Среди различных версий далеко не последней была версия мистического характера этого стука. Мистического не в смысле запредельного, но скорее непостижимого. Зачем в одно и то же время нудно и размеренно стучать? Хотя не нудно, если быть точным. Ни ритм, ни мелодика этого стука, но что-то очень близкое и в тоже время совсем непонятное составляло очарование этих звуков, зачем-то вошедших в мою жизнь и нарушивших ее естественно-размеренный лад. Я как будто подозревал или даже предчувствовал что-то неладное, связанное с этим. Как будто этот стук угрожал мне, суля какое-то несчастье.

Суеверным я никогда не был, однако, по правде говоря, мне свойственно прислушиваться к окружающему миру. Это, конечно, не противопоставление, просто я хочу сказать, что мне нравится больше слышать, чем видеть, или, например, как некоторым, обонять. Хотя с органами чувств у меня все нормально; просто такая привычка. С детства мне казалось, что можно услышать нечто невероятное, чего никогда не увидишь глазами. Находясь во тьме, например, перед засыпанием, когда все погружается в серый мрак и можно видеть лишь свои страхи-призраки, услышать можно гораздо больше. Именно во тьме возникает тот волшебный мир таинственных звуков, чье очарование и загадочность равны очарованию и загадочности самой жизни. Что только не услышишь ночью!

Но и днем, когда всегда нагловатый свет правит бал, разгоняя ночную благодать, тоже можно многое услышать. Особенно, если прислушиваться. Особенно если один и впереди нескончаемая вереница одинаковых, но таких интригующе-заманчивых и приятных дней. Дом в этом плане — кладезь непостижимых сокровищ. Даже современный многоэтажный и многоквартирный, абсолютно секулярный дом. Дом, в котором теперь даже и покойников не держат. Но и в таком обмирщенном пространстве полно разных звуков неопределенного происхождения. Не будучи в силах определить точную природу того или иного звука, даешь волю воображению — оно достраивает картину, в которой всегда есть место самым потаенным фантазиям и мечтам. Целый мир может родиться только лишь под впечатлением какого-нибудь незначительного звука, типа упавшего тяжелого предмета или фортепьянного аккорда. А если это смех или плач — здесь уже воображение набирает свой полный разбег, создавая целые драматические эпопеи человеческого бытия.
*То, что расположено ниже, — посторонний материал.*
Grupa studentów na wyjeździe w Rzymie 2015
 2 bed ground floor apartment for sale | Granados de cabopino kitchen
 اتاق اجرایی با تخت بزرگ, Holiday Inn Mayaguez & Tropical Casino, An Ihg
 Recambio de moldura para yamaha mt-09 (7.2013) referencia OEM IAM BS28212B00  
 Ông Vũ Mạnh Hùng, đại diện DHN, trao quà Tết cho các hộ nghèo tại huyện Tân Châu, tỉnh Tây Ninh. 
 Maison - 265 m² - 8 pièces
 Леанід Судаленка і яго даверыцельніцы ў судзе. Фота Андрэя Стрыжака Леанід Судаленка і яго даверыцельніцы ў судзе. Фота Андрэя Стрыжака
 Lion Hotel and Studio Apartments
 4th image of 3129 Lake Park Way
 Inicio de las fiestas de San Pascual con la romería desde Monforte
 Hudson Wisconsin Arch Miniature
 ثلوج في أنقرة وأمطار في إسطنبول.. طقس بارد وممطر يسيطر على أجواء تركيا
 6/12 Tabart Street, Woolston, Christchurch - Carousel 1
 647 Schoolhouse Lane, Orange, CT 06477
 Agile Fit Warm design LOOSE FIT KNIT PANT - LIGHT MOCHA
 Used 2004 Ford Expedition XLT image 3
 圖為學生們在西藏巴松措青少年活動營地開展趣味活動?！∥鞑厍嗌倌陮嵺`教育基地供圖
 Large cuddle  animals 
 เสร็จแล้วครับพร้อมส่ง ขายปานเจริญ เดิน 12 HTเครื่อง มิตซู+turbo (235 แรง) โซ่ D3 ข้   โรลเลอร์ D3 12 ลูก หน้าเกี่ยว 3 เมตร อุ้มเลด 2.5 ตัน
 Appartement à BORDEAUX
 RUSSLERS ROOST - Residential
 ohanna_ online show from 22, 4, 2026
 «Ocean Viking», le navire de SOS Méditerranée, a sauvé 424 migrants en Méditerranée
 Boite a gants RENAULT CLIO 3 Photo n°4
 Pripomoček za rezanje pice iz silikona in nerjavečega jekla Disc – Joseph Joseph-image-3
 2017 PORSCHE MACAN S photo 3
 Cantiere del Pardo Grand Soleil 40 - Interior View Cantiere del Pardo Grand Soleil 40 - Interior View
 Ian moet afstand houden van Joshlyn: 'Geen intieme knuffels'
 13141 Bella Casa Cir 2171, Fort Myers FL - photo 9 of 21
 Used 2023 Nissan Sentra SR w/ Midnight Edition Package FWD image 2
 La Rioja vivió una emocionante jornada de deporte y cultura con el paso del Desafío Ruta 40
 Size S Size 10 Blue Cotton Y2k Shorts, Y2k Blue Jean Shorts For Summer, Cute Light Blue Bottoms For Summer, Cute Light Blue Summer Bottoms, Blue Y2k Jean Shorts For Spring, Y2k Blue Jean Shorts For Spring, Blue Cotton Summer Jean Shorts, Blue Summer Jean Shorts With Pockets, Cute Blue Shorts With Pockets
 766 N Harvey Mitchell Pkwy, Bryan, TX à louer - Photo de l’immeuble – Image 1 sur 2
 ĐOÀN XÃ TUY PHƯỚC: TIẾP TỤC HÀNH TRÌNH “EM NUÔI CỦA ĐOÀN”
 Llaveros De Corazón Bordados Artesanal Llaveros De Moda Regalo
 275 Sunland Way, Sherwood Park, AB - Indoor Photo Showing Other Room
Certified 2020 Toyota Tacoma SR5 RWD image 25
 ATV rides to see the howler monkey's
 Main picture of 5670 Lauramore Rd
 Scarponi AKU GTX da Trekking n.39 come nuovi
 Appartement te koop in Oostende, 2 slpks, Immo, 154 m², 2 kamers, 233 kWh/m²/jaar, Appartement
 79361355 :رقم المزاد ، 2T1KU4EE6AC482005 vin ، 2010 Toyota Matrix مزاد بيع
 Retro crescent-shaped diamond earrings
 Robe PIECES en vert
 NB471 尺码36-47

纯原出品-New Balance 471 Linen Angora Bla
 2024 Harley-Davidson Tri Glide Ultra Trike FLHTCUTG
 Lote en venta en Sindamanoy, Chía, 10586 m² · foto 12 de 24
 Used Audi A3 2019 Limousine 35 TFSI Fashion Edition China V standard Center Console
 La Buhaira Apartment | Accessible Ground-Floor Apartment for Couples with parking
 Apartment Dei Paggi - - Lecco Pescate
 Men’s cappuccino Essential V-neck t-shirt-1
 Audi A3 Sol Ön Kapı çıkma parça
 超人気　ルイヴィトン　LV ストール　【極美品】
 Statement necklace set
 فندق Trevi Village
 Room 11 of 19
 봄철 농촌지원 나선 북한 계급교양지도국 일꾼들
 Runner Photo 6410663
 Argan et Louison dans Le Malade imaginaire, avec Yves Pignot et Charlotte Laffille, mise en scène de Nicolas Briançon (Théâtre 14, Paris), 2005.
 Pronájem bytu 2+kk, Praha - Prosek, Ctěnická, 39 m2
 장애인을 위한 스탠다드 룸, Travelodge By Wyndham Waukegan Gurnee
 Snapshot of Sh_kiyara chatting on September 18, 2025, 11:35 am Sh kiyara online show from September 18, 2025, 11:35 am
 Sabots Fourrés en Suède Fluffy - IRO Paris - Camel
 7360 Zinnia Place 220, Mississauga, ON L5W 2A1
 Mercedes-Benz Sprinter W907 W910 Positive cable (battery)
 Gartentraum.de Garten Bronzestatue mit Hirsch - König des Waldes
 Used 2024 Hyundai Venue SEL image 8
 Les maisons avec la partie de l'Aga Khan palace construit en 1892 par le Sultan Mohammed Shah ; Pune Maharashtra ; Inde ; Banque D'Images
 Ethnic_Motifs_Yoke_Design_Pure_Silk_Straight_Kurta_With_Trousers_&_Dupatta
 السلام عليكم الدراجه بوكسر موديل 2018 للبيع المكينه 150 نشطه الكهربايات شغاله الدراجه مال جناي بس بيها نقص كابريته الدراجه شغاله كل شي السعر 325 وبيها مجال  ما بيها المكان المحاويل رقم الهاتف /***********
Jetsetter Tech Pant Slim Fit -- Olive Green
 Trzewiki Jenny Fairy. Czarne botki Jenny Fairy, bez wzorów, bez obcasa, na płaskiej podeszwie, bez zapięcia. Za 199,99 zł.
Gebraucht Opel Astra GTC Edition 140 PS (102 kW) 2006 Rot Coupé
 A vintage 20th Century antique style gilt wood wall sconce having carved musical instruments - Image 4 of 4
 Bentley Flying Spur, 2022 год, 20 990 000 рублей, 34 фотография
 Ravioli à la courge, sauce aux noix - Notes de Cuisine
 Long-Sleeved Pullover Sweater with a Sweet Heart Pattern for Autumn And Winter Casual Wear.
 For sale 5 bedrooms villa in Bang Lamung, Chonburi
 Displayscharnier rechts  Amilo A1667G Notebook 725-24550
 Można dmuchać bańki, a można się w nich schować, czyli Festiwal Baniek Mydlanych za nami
В один момент мое терпение лопнуло, и я решил узнать, что это такое. Мне предстояло обойти несколько верхних и нижних этажей для того, чтобы определить, из какой квартиры доносится этот стук. Что будет дальше… я не имел четкого плана относительно своих действий. Сначала мне было важно определить место, а уж потом причину. Почему-то такая логическая связь возникла в сознании, и связь эта пробрела характер неотвратимости. Я обязательно должен был узнать, что это за квартира. Я мало кого знал из соседей, но кое-кого знал, и могло оказаться, что звук исходил из квартиры знакомого. Тогда бы все сразу и прояснилось. А если это незнакомые люди, а если вообще не люди?!. Но нет, такого я не допускал, будучи уверен в естественности причины. Что-что, а какой-то незначительный стук в доме должен иметь вполне рациональное объяснение. Кто-то делает ремонт, или чинит старую мебель, или… Все равно я терялся в догадках, поскольку все объяснения в равной мере казались нелепыми и абсурдными. Но это меня подогревало еще больше.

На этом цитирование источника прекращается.